投信はもともと一般生活者や小口投資家の財産づくりをお手伝いすべく、スコットランドはエディンバラで自然発生的に生まれ育ったもの。
本来ならば富裕層など大口投資家しか手の出ないプロの運用を、一般庶民の誰でもが自由に参加できるように仕立てられた、きわめてすぐれた投資商品である。
したがって、投信との付き合い方など改まって考えるまでもないこと。 きちんと財産づくりをしたいのなら、投信を資金の余裕ある毎に少しずつ購入していって、あとはプロの運用に任せておけばいいと、はじめから決まっている。
ところが、日本では4000本を超す投信ファンドのほとんどが、手数料を稼ぐための金融商品といった位置づけにある。 投資家顧客の財産づくりの前に、証券会社や銀行などの販売手数料稼ぎが優先される。
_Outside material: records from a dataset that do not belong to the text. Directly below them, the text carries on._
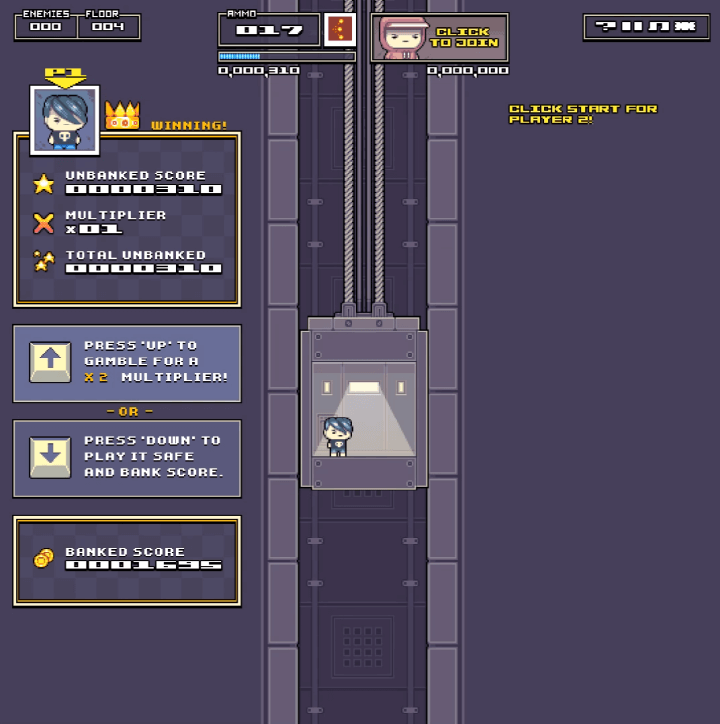 니트롬-머스트-다이-플래시게임-종료-화면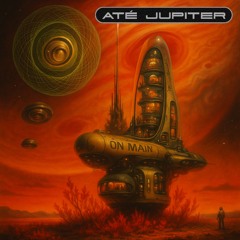 Até Jupiter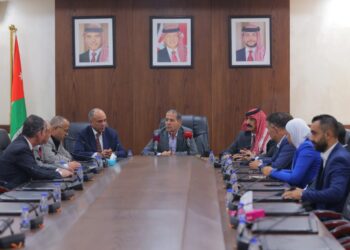 “العهد النيابية” تُرشح القيسي لرئاسة “النواب”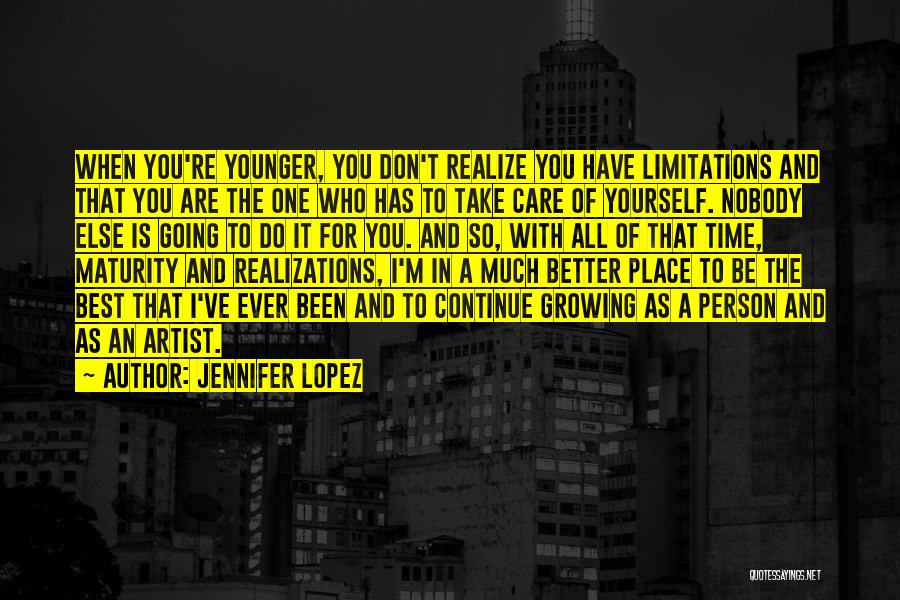Jennifer Lopez Quotes 905931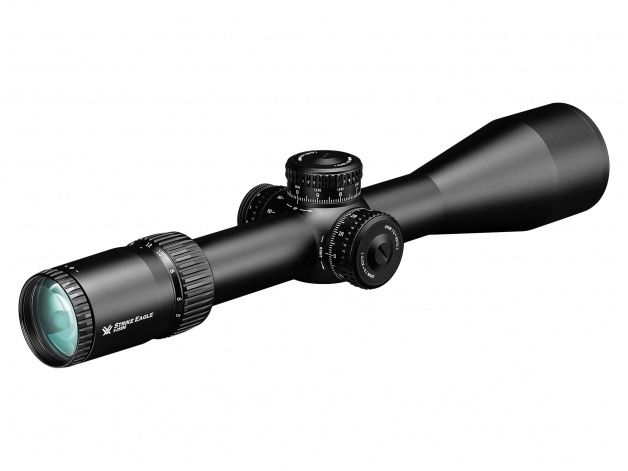 Luneta celownicza Vortex Strike Eagle 5-25x56 FFP 34 mm AO EBR-7C MRAD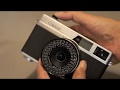 初代キヤノネット型デジタルカメラ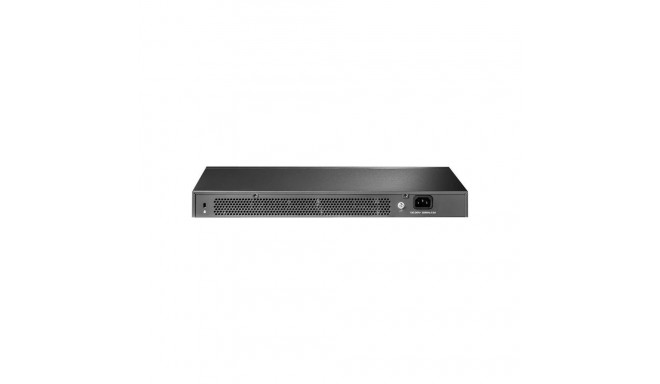 Managed Switch - Tp-link Omada 24-port Gigabit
販売手数料をガッポリ稼ぐには、次から次へと新しいファンドへの乗り換え営業を徹底するに限る。 それが故に、4000本を超す日本の投信ファンドの平均寿命は3年にも満たないわけだ。 そんな投信では、長期の財産づくりなど望むべくもない。
この辺り、金融庁など監督官庁はかなり前から問題視していて、折にふれて是正を投信業界に求めてきた。 悲しいかな、日本の投信ビジネスは証券や銀行といった販売サイドに牛耳られている。 販売サイドは、飯の種をそう簡単に手放そうとはしない。
現に、高齢者層中心に毎月分配型の投信を望んでいるというニーズを前面に押し出しては、元本を取り崩してでも分配原資にするといった、財産づくりとはほど遠い投信ファンドを次々と新規設定させている。
やっかいなことに、さわかみファンドが先鞭をつけてようやく本格普及段階に入った毎月積立て型の投信購入が、10年はおろか5年も存続するか分からないファンドにも適用されかねないことだ。 設定当初は長期運用しますと謳っていても、どこかで乗り換え解約でファンド資産が急減して、まともな運用ができなくなることも大いにあり得る。
まともな長期運用ファンドというものがほとんど存在しない日本の投信業界において、投資家顧客の方も投信ファンドとはこんなものだという認識を持ってしまっているのは、一般生活者にとって不幸きわまりないなことである。
初めから投信を毛嫌いしてしまうか、せっかく良い投信を購入してもすこし成績が上がってくると、すぐ売って利益確定に走りたくなる。 日本にあまたあるダメ投信を散々パラ見てきたが故の、日本特有の投信観ともいえよう。
その最たるものが、基準価額が2万円前後になってくると、もうその先の成績上昇は限られているという誤った認識だろう。 せっかく成績の良い投信を保有しているのに、どうして売ってしまうのか。
これはもう、本物の長期保有型投信というものを見たこともないが故の、日本の投資家の悲しい現実としか言いようがない。 売ったところで、ほかにまともな投資商品など、そう簡単には見つからないのにね。
まあ、見ていてもらおう。 さわかみファンドが本物の長期投資による財産づくりというものが、どんなものかを世に示していってやる。